# Set top box code required



## J B Green (Feb 5, 2007)

Can somebody help me to find the code to us on my TiVo for my Tevion set top box?


----------



## OzSat (Feb 15, 2001)

Is that a cable tv or DTT box?


----------



## Pete77 (Aug 1, 2006)

ozsat said:


> Is that a cable tv or DTT box?


A Freeview box I believe.

See www.radioandtelly.co.uk/cgi-bin/forum/YaBB.pl?num=1167428264


----------



## Barnara Forecast (Feb 9, 2008)

J B Green said:


> Can somebody help me to find the code to us on my TiVo for my Tevion set top box?


2freeview2
20063 slow
code works ok for 2007 year box but not latter model 2008


----------



## Fishy (Jul 24, 2002)

I've just been trying to setup a new tevion freeview box without any luck, does anyone know if any of the other manufacturers codes will work with this one?

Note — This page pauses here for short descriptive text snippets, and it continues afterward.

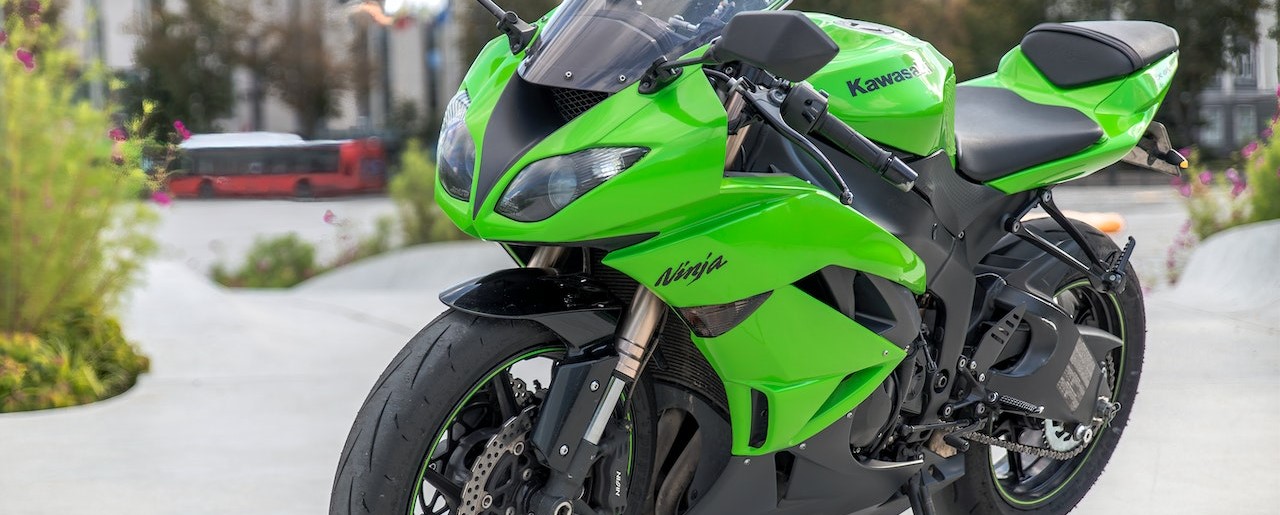Green and Black Sports Bike | Breast Cancer Car Donations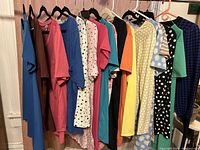 Photo of a rack with a line-up of 18 women's LulaRoe tops including t-shirts and one sweater in various colors and patterns showing variety and condition.
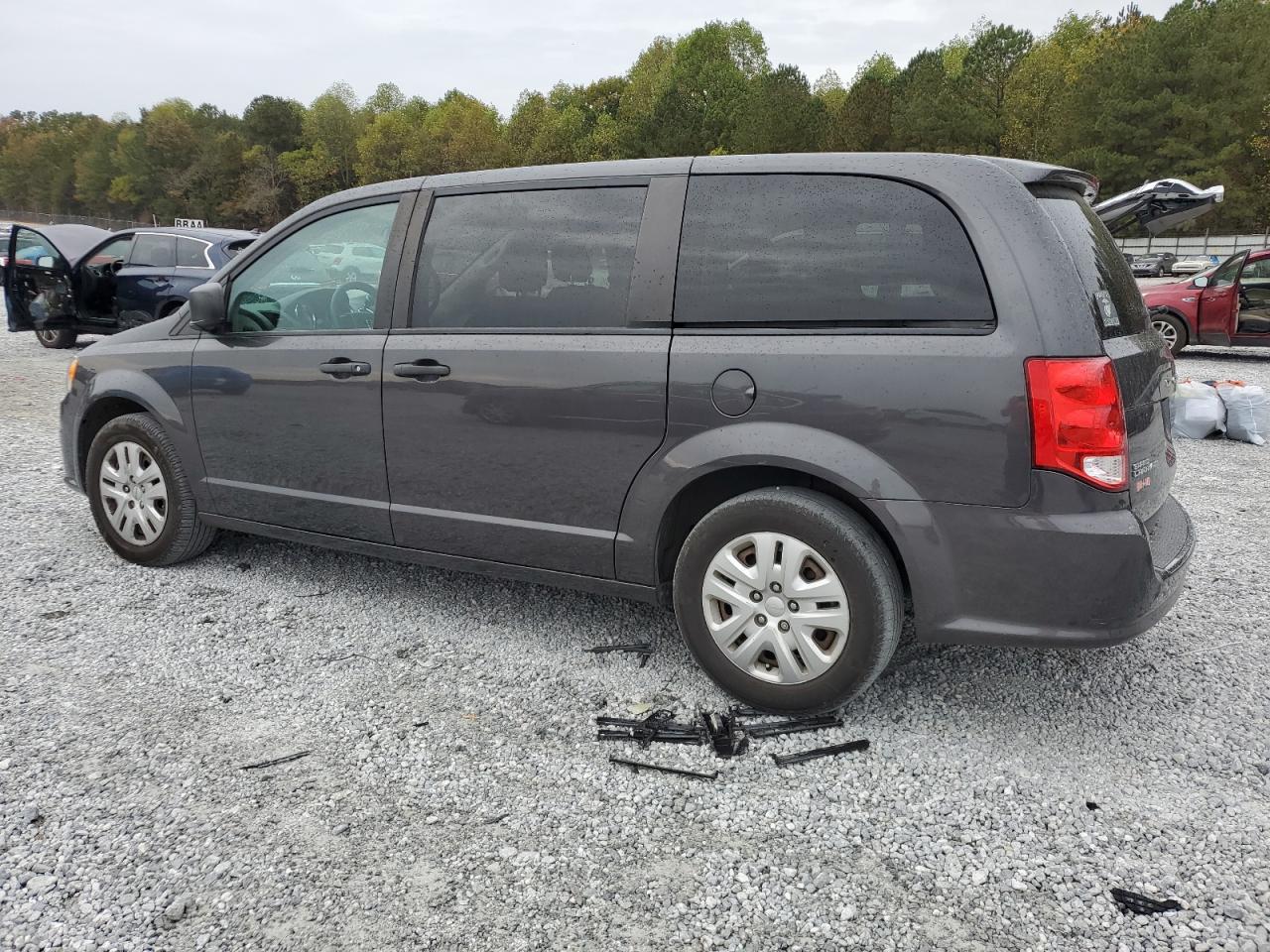 2019 Dodge Caravan VIN 2C4RDGBGXKR547722 Copart auction photo, side / rear end damage thumbnail 2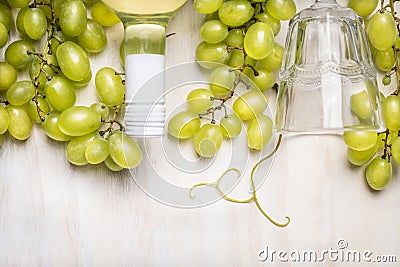 Bright grapes with a bottle of white wine and glass on rustic a white wooden background Stock Photo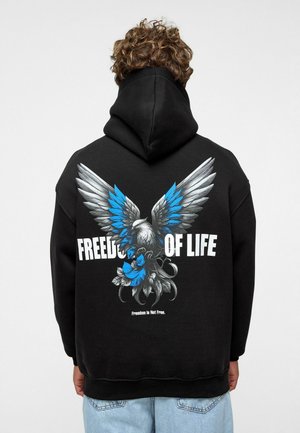 Zwarte hoodie met een adelaarsgrafiek met blauwe accenten en witte tekst "VRIJHEID VAN HET LEVEN." De tekst eronder luidt "Vrijheid is niet gratis."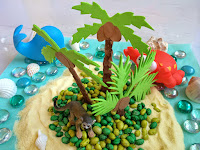 http://funprojectsforyourkids.blogspot.com/2015/05/tropical-island-sensory-bin.html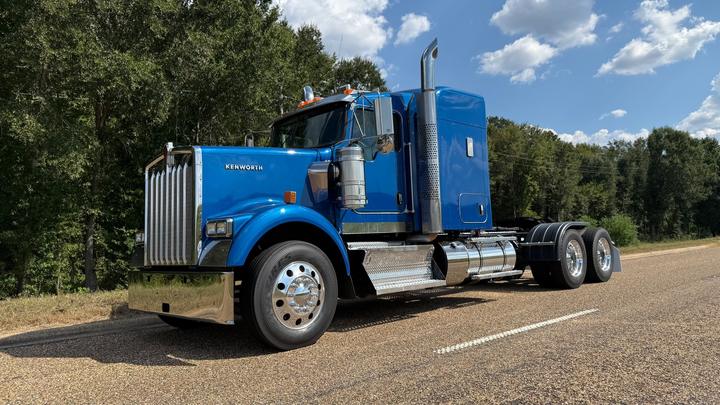 2024 Kenworth W900 62" Flat Top Sleeper, front 3/4 driver side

The only clue I have is that it shares some of the codes with the tivo itsself, so I thought I had the correct one, but it was actually the page up on the tivo sending channel up directly to the set top box.

EDIT: On second thoughts even if I get it working sharing the same signal as the tivo will be a nightmare, I took it back and grabbed the wharfdale from argos, that one works great.


----------



## kezzy (Nov 13, 2009)

If same as mine, purchased 12 nov 09, it is tevion model 40417. The one with a usb port on the front from aldi. I am after the code as wqell. Have been through all codes for freeview 1, 2, 3. 

codde 20063 slow did not work for me.


----------